The Fiscal Responsibility Amendment Bill was passed in the Upper House of Parliament, coming into effect in January 2016.
This bill is one of a suite of bills, which include the Public Debt Management Bill and the Public Finance Management Bill, both of which aim at bringing fiscal stability to the government’s financial affairs.
Leader of Government Business, Senator Simon Stiell, said the government’s intention is to strengthen the monitoring and oversight functions, to ensure that the government and the Ministry of Finance lock in the gains of the Structural Adjustment Programme.
A Fiscal Responsibility Oversight Committee will overlook the Ministry of Finance.
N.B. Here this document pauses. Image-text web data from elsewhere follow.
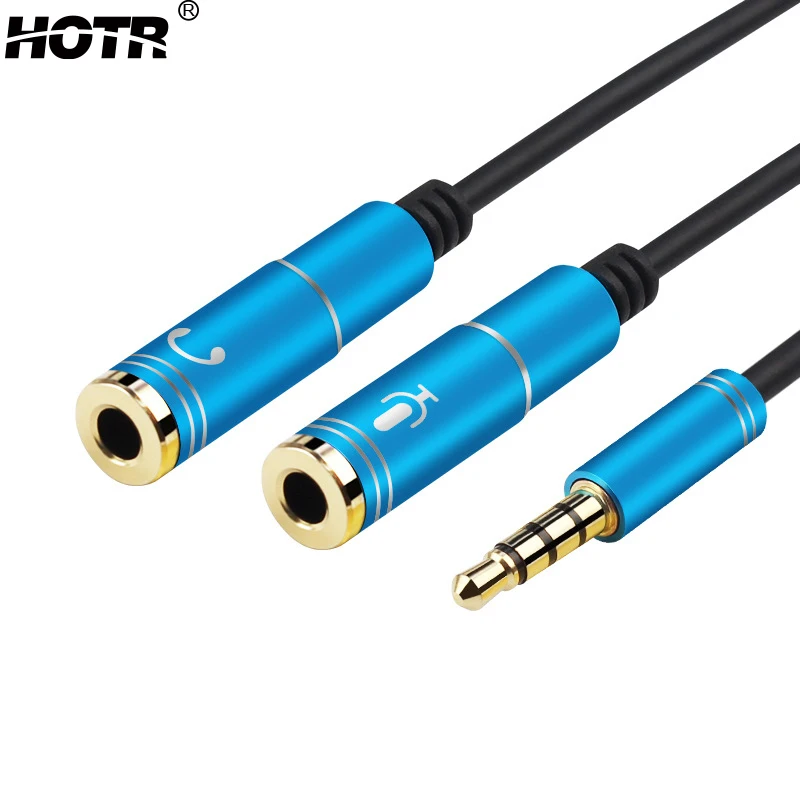 HOTR 3.5mm Audio AUX Cable Line to 1 Earphone & 1 Microphone Male to Female Adapter Extension Cord Y Splitter to Headphone PC
HOTR 3.5mm Audio AUX Cable Line to 1 Earphone & 1 Microphone Male to Female Adapter Extension Cord Y Splitter to Headphone PC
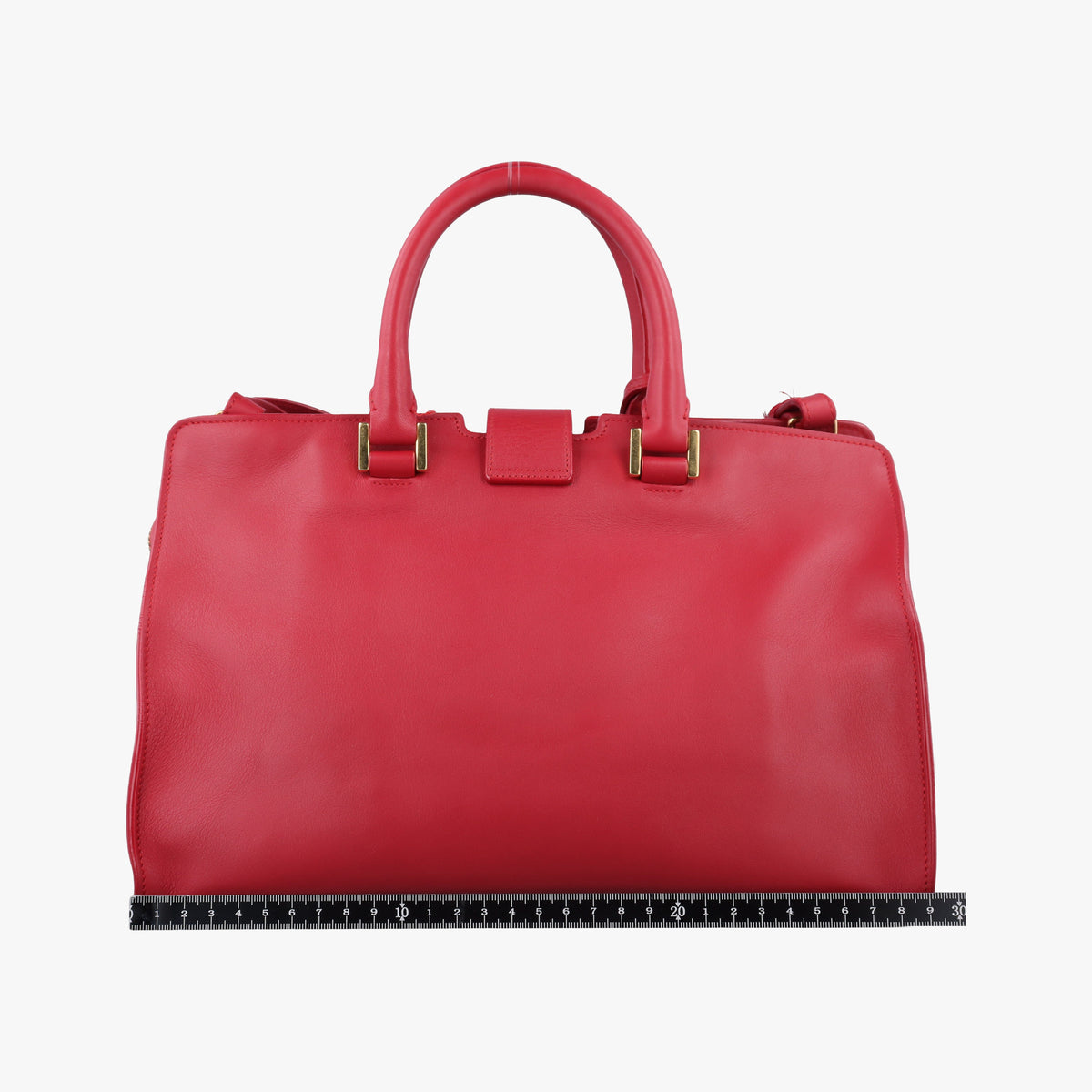 Vintage Yves Saint Laurent BABY CABAS Red Leather 394461 shoulderbag | stylenewstar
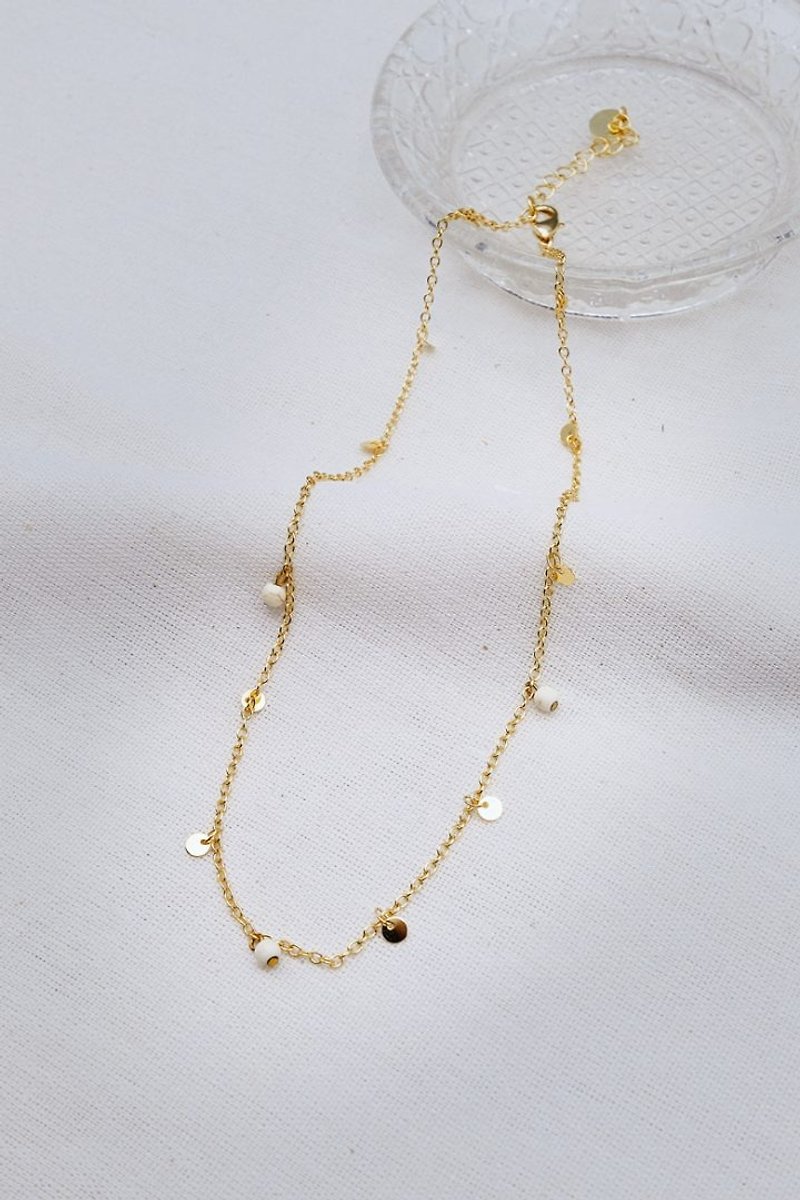 Sa Noh Necklace - 项链 - 其他材质 白色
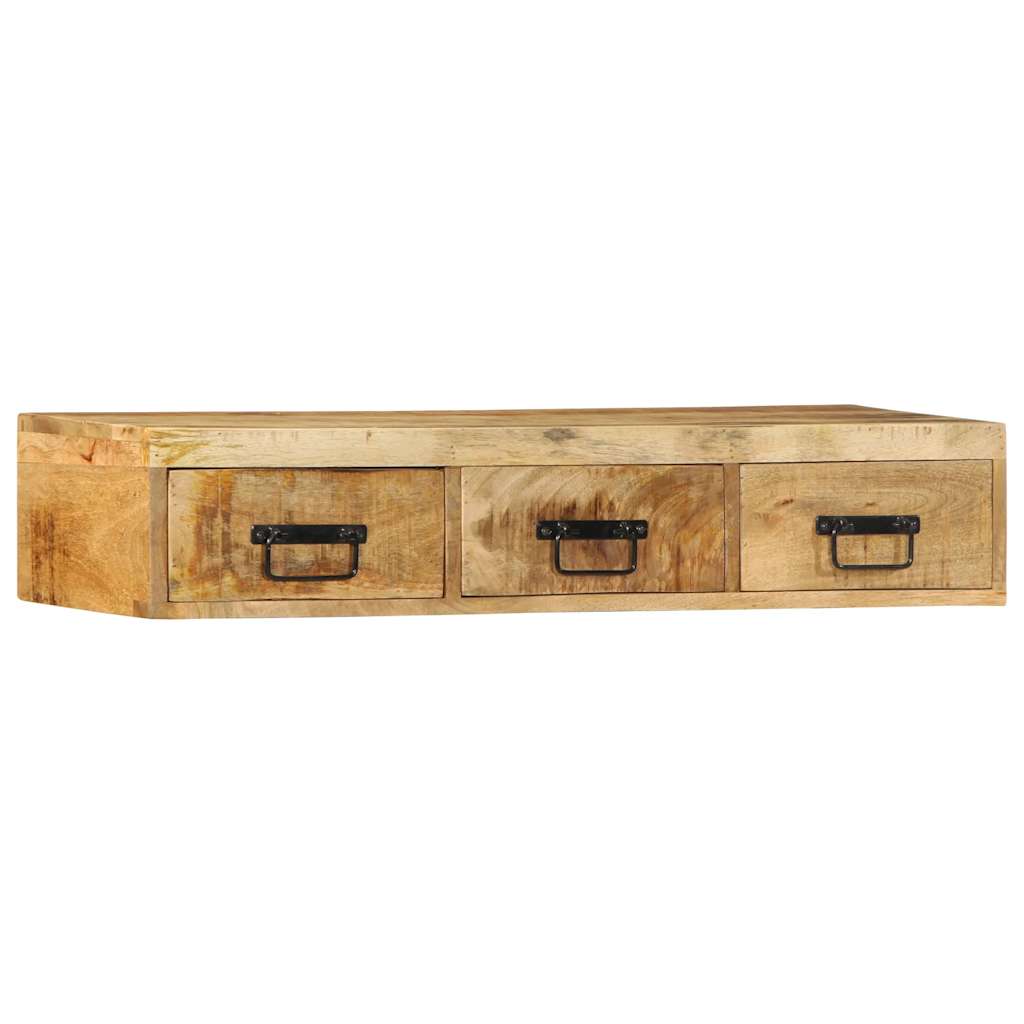 væghængt tv-skab 100x30x19 cm massivt ru mangotræ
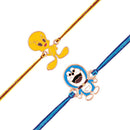 Mahi Combo of 4 Popular Trendy Cartoon Colorful Kids Rakhi with Meena Work (RCO1105325Z)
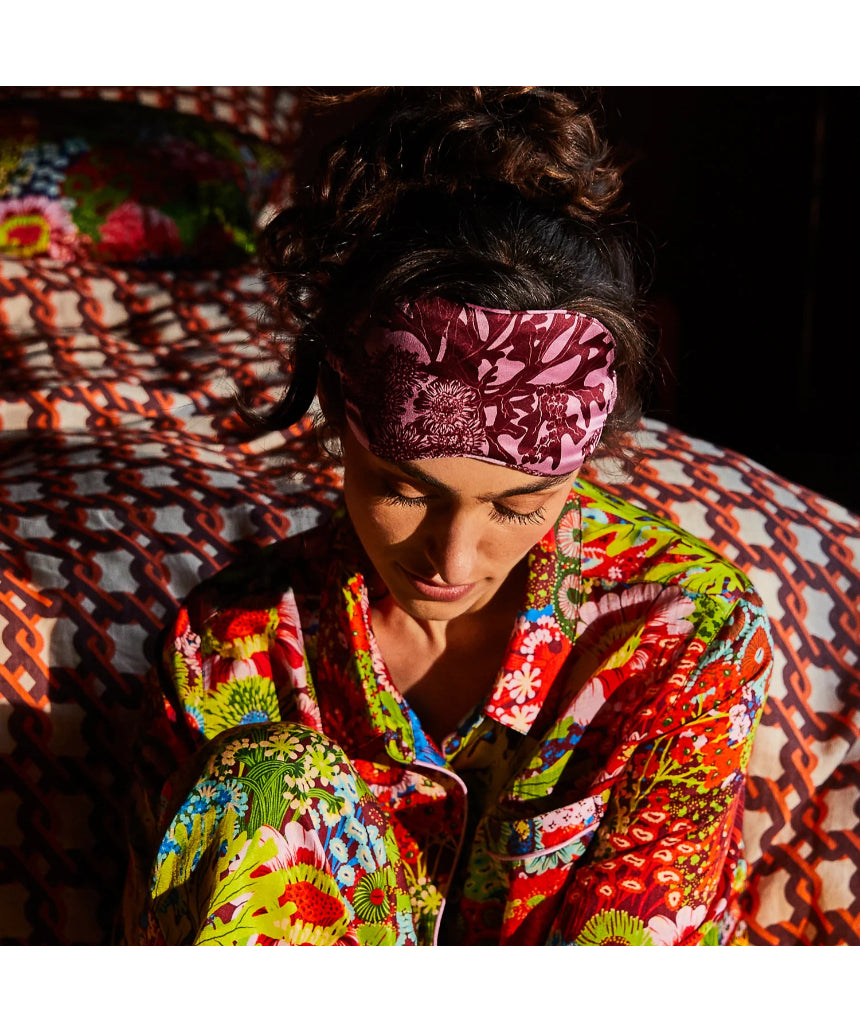 Sage x Clare - Delphine Silk Eye Mask - Orchid, eye mask, Sage x Clare - Say It Sister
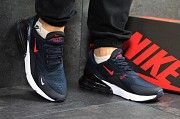 Кроссовки мужские темно синие с красным Air Max 270 5068 Мелитополь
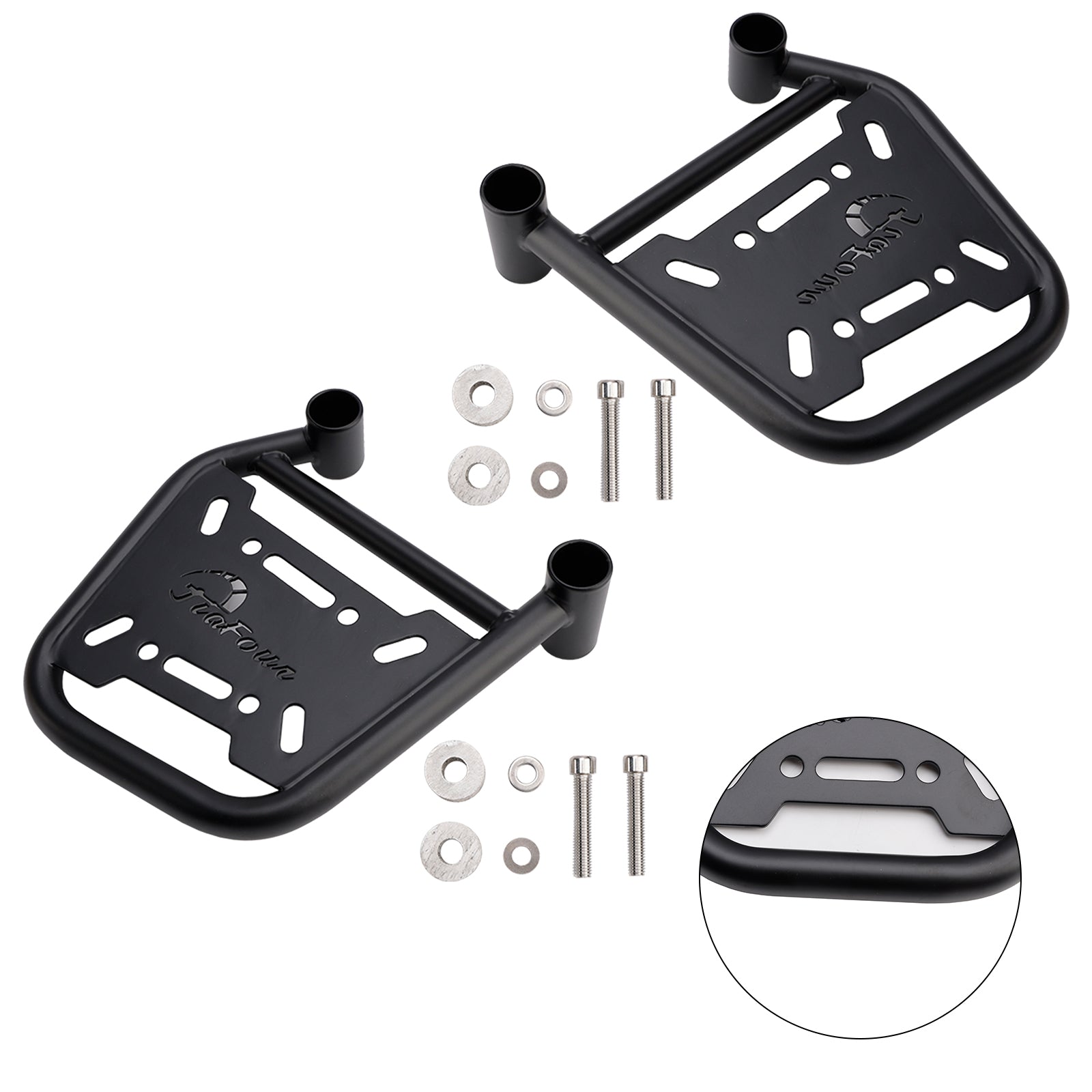 23-24 Eliminator 400 500 Luggage Rack Side Saddle Bag Mount Bracket Right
“What is sought is a creation for the strengthening of the oversight committee, that provision is made for in the principal act, for providing greater robustness to it — expanding that committee, expanding the capacity and the realms of that committee — to ensure that it is able to provide that necessary oversight and monitoring,” Stiell said.
Supporting the Fiscal Responsibility Amendment Bill, private sector representative, Senator Chris De Allie said, from a private sector point of view, it is a good formula for accountability.
“Oversight is important, from the point of view that we need to ensure that our politicians — which ever government is in power — stays within the confines of the legislation and that they do what we are supposed to do. The mover of the bill indicated that we can’t lose the gains that we made, after going through a structural adjustment programme and our history is so rich in that happening before and we introduce legislations, so that we could control that. The oversight committee, of course, is to ensure that those gains and the rules that we put are obeyed and set and are followed,” he said.